#### [Instructions for the task]
From the listing below, please restate exactly the lines beginning at the one with "Gerroa Güney Kıyısı" and ending at the one with "Una camera d'albergo", both included, and skip the pictures.

#### [Task inputs]
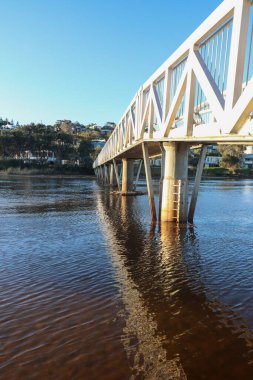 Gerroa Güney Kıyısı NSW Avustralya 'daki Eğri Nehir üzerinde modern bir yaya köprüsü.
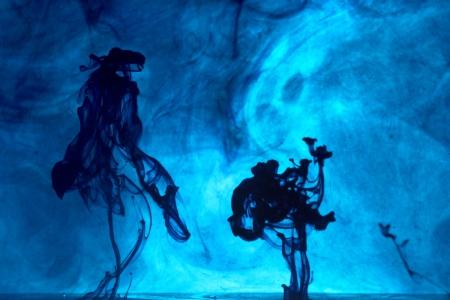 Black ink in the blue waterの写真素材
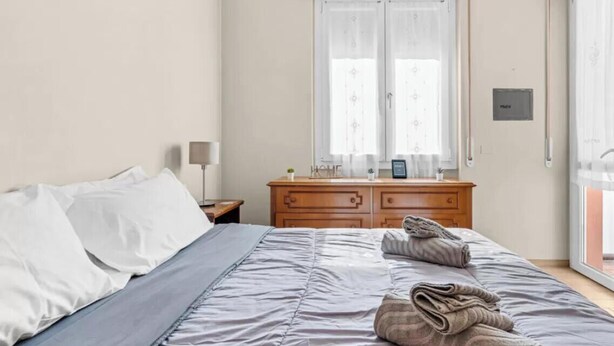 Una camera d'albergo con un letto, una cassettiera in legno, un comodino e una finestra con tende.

==

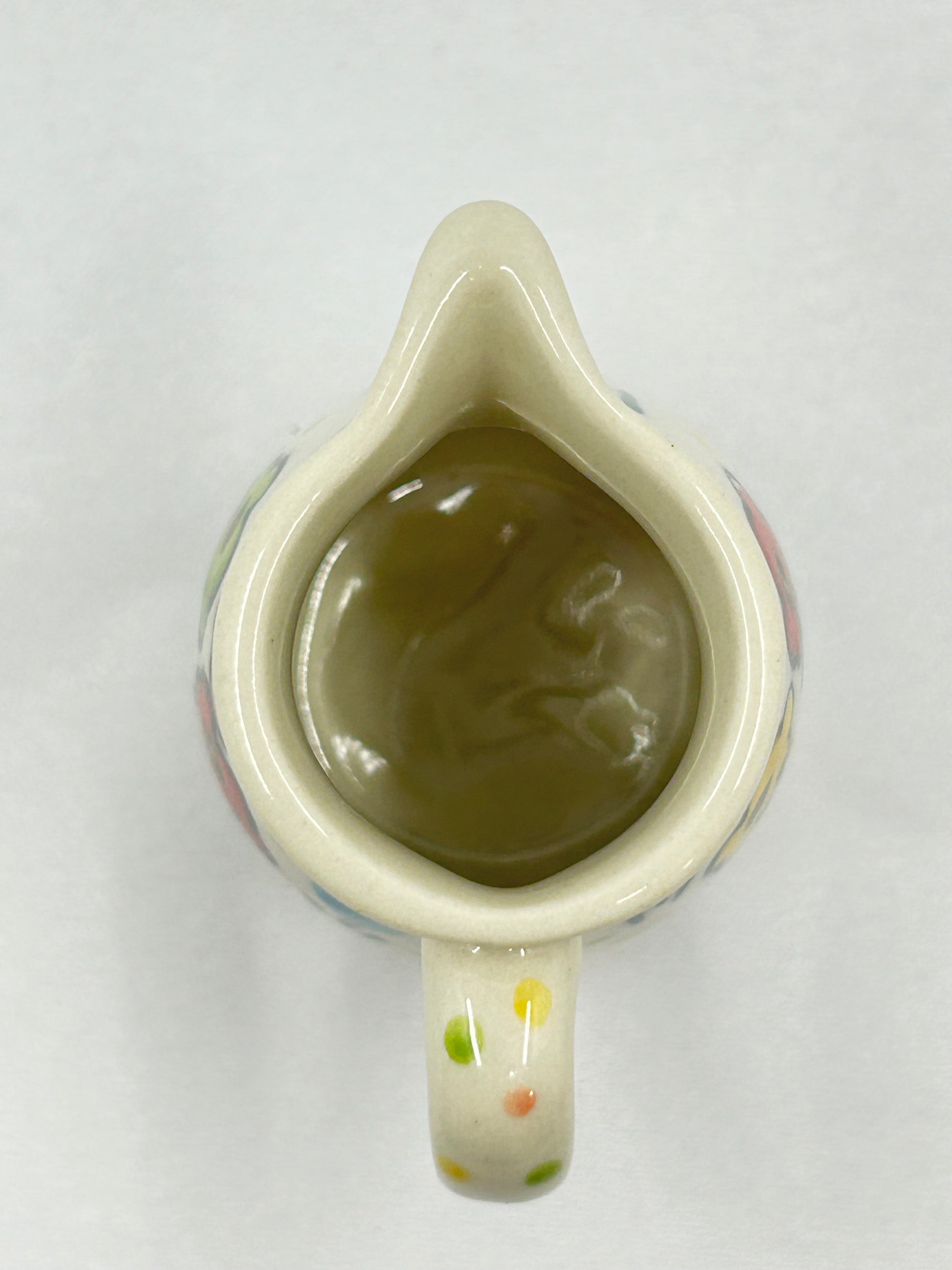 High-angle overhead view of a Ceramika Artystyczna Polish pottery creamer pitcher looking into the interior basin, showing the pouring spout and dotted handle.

#### [Output of the task]
 Gerroa Güney Kıyısı NSW Avustralya 'daki Eğri Nehir üzerinde modern bir yaya köprüsü.
 Black ink in the blue waterの写真素材
 Una camera d'albergo con un letto, una cassettiera in legno, un comodino e una finestra con tende.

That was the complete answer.